W zeszłotygodniowym wydaniu Kolbuszowskiego Korsa można przeczytać kilka artykuł o moim zainteresowaniu Fundacją na rzecz Rozwoju Kultury Fizycznej i Sportu. Rzeczywiście mnie to zaciekawiło co mówią o tej instytucji pracownicy oraz osoby z nią współpracujące. Dwa wątki z tego artykułu chciałbym jednak skomentować.
Po pierwsze dziwi mnie zdziwienie prezesa Fundacji, Grzegorza Romaniuka. Jego dziwi to, że ja się interesuję jak działa Fundacja, a mnie dziwi to, że on się temu dziwi. Prawda że to dziwne?

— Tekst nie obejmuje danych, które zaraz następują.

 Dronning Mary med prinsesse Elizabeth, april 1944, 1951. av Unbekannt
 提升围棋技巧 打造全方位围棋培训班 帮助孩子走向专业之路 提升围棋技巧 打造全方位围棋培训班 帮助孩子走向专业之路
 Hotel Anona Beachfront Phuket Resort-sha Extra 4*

Dziwić się temu, że jakiś samorządowiec interesuje się instytucją działająca w jego gminie…
Zaskakujące to jak jasna cholera.
Pragnę wyjaśnić, że nie jechałem ze swoimi wątpliwościami do Strasburga i Brukseli, jak to czynili posłowie PiSu skarżąc się na sfałszowane przez Tuska wybory, tylko dorwałem się do mikrofonu na sesji Rady Miejskiej w Kolbuszowej, w momencie gdy ta zajmowała się dokładnie tym tematem.

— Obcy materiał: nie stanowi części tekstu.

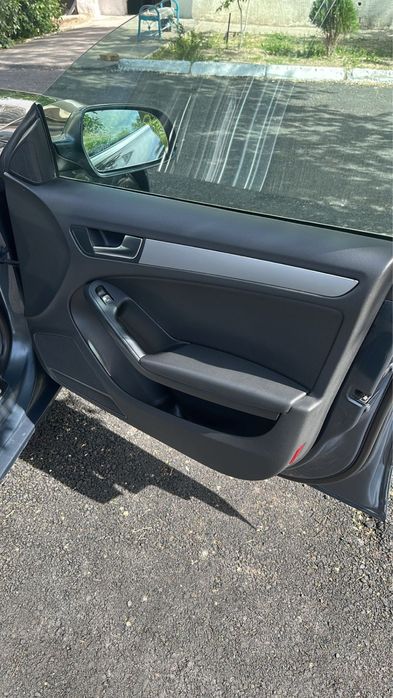 Audi a5 в хорошом состояний срочно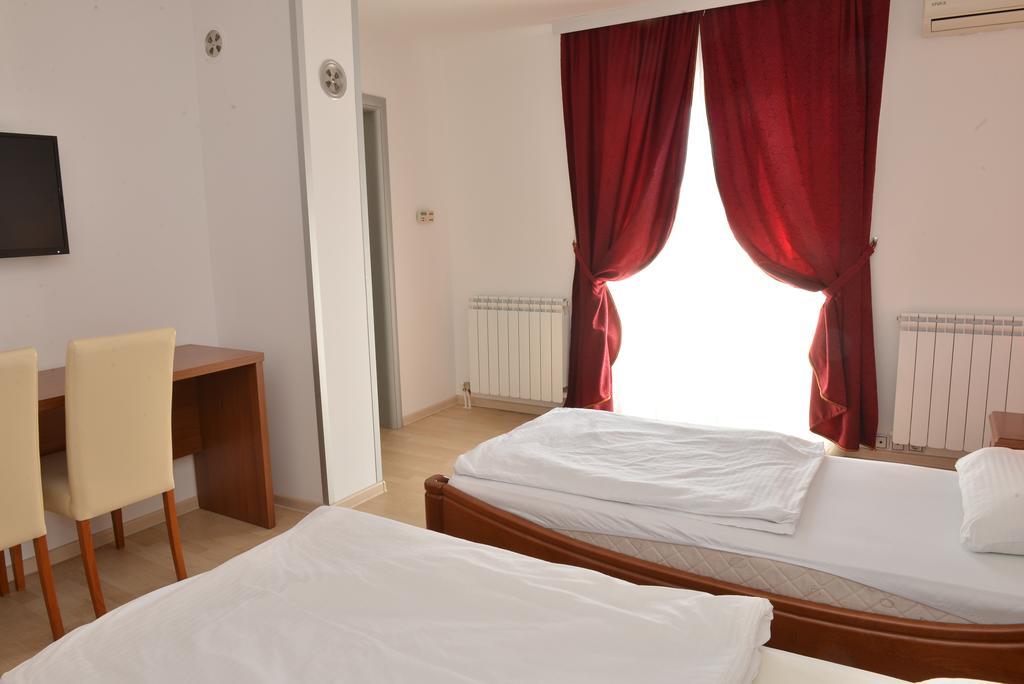 Apartment And Rooms In Club Indija Exterior photo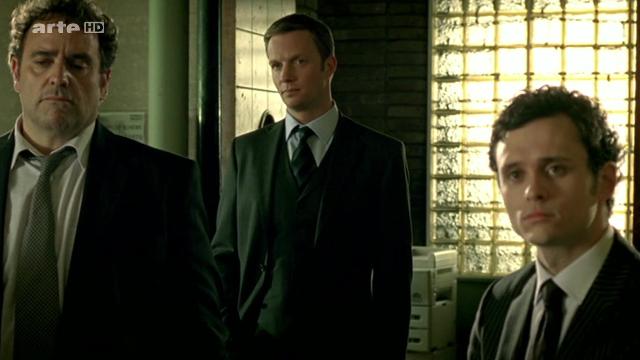 2 серия, 1 сезона, сериала Современный потрошитель (2009)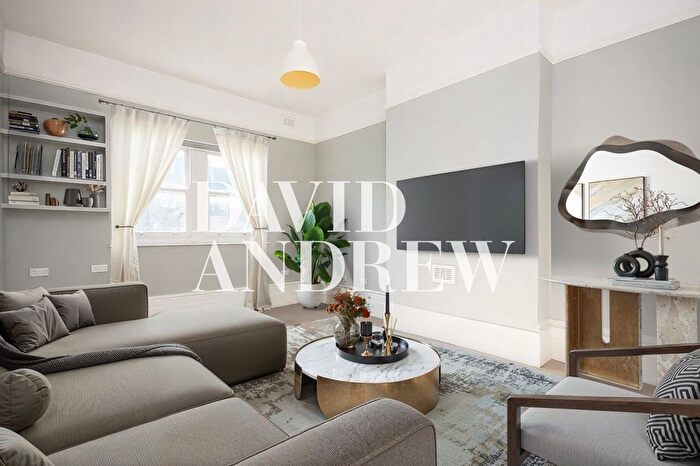 1 Bedroom Flat To Rent In Finsbury Park Road, N4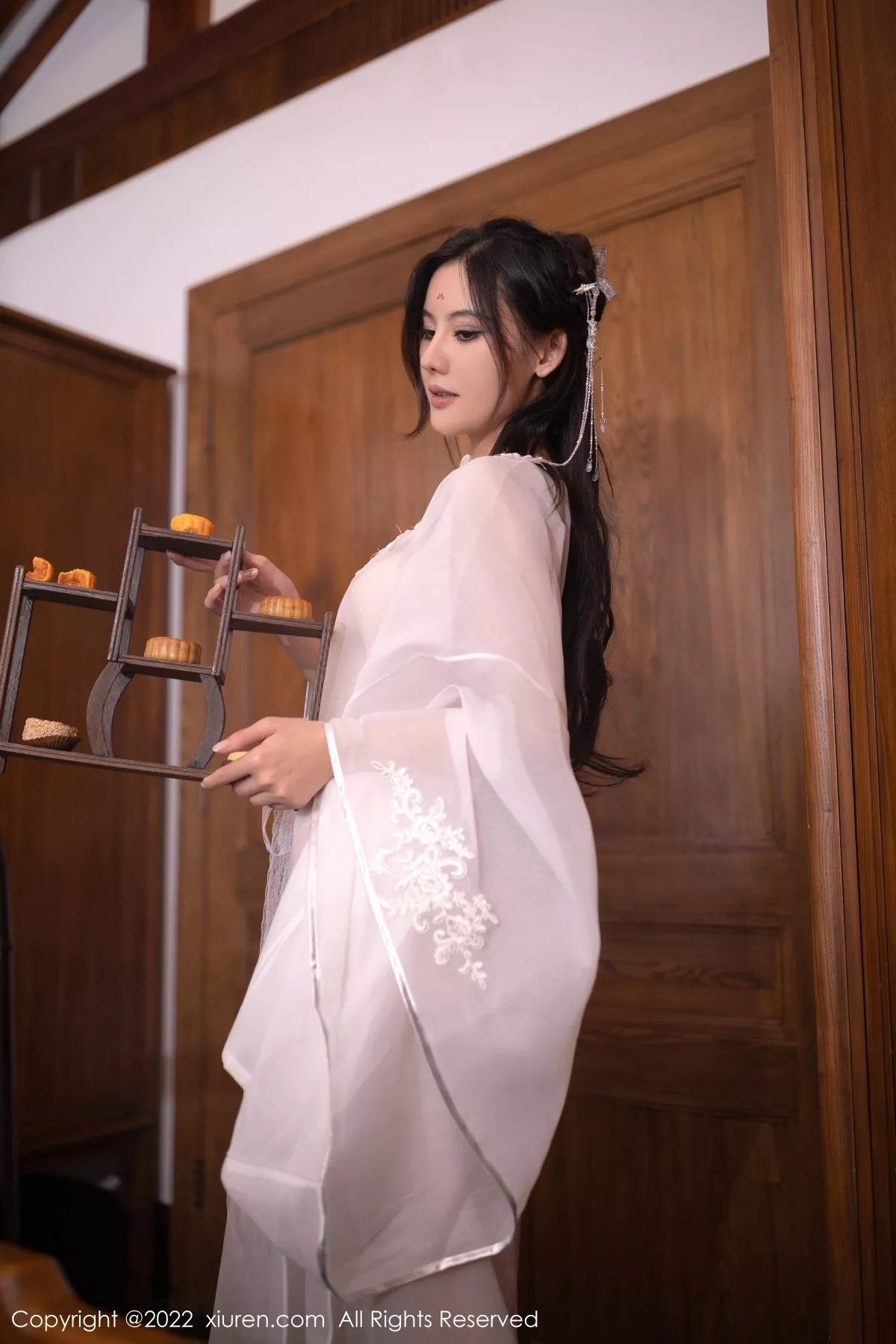 秀人集.com_[XiuRen秀人网]No.5573_模特就是阿朱啊嫦娥装扮中秋主题白色服饰秀曼妙身姿诱惑写真85P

I nie chciałem Fundacji wcale zaszkodzić tylko wręcz przeciwnie zrobić jej dobrze. I w sytuacji gdy będę miał jeszcze kiedyś jakieś pytania czy tez zastrzeżenia, to obiecuję właśnie w tym miejscu o to zapytać.
Drugim wątkiem jest sprawa „zamiatanie pod dywan”. Mianowicie powinno być to napisane w cudzysłowie, gdyż było to użyte w ironiczny sposób w moim wpisie, i broń Boże nie chciałbym aby tak te sprawy załatwiono.